20something is right

i've seen people fall through the system- a family in temp accom (with 2 kids and the new baby brought 'home' to a one roomed flatlet in a unit shared with addicts where kitchen and loo facillities all shared) becuase when they got home from work one day to find a Bailiff there becuase their landlord had not paid mortgage they left,, thiniking they should- but as it wasn't the actual eviction, was serving of papers or somesuch, they were intentionally homless- tehy'd never missed a rent payment or anything. dad worked nights and could not sleep with the kids in the same room all day, and ended up getting sacked; have also seen people in B&Bs lose work becuase you ahve to be out between (typically) 9 and 6, so a few shifts and you are stuffed for a bed.

Then there was the single Mum removed from the list for refusing a property- a property next door to the parents of the bloke about to be released from prison for stabbing her and their daughter.

And my friend who did* get a house when her violent H was due to be relased from prison after a spell in for trafficking but 60 miles away so she ahd to apck in her job just to keep their daughters away from the man.

(* Friend got married to a lovely man on Christmas Ev who dotes on tehir girls, although ex is on the run after another conviction and she does live in fear)

Scary, isn't it?

dreamingofsun · 25/01/2012 17:01

we had polish tenants who left our rented house to move to a council house. They couldn't have been on the list for long as they'd only been in the country a couple of years. we were more than happy to continue renting to them as apart from the fact that we struggled to communicate they were excellent tenants. we were amazed - espec as we live in the south.

lesley33 · 25/01/2012 17:05

peachy - Most mortgage agreements ban working from home as well - with the exception of the odd bit of paperwork. This is why private landlords ban it, because their mortgage companies ban it.

Peachy · 25/01/2012 17:10

Probably so Lesley; but regardless of who owns the house, LL or bank, silly barriers to economic productivity- aka working from home or for oneself- are surely going to need to go the way of the dinosaurs?

It's amazing how many times I have been told on here 'carer's Allowance is wrong, just work from home' oh if only! I'd LOVE to do some SN childcare once ds4 starts school this year. Not possible.

Peachy · 25/01/2012 17:11

dreaming- points that giovern rapidity of move are allocated for lots of quite complex reasons so they would have been in receipt of extra points for some reason, even if unbeknown to you. Waiting lists also vary massively around the country.

20SomethingmumUK · 25/01/2012 18:07

Dreaming- that happens all the time here. We knew of a family on our street of Portuguese origin. Had been here 1 year, no children, all fully able to work. All got a very nice flat very quickly. Whereas on the flipside, a young family I also know has been on the same list for 2 years with little interest at all. I think some councils are given financial incentives to house immigrants and sadly, drug addicts too. Everyone else is left to fend for themselves.
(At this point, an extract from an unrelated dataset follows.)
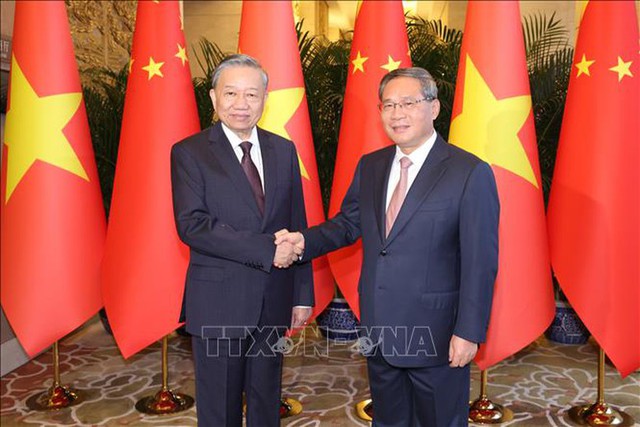 Party chief meets Chinese Premier in Beijing- Ảnh 1.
I've moved from one private rented property to another, each one slowly worse than the last. I've been on the list for 4 years and not had even one offer. In fact, my local council removed us from the list for quite some time as I took my ex-Landlady to court as I had an accident in her property due to how badly constructed the stair case was. Despite the Environmental Health team from the same council backing me up, the Housing department didn't want to know. I was apparently a Bad tenant until I won my case. To me, it wasn't about the very small amount of compensation I got, it was having proof that I hadn't been a bad tenant! Every house we have had has been steadily more expensive, and everyone has got steadily worse. Landlords don't have any legislation and can do what they like. We just scrape our rent at the moment, but our current Landlord now wants us to move out as he wants to convert our house into bedsits which he can charge £400 PCM for, you could easily get 6 in with shared Kitchen and bathrooms. That leaves us in a position where we will have to move in with family as we simply cannot afford rents in our area privately.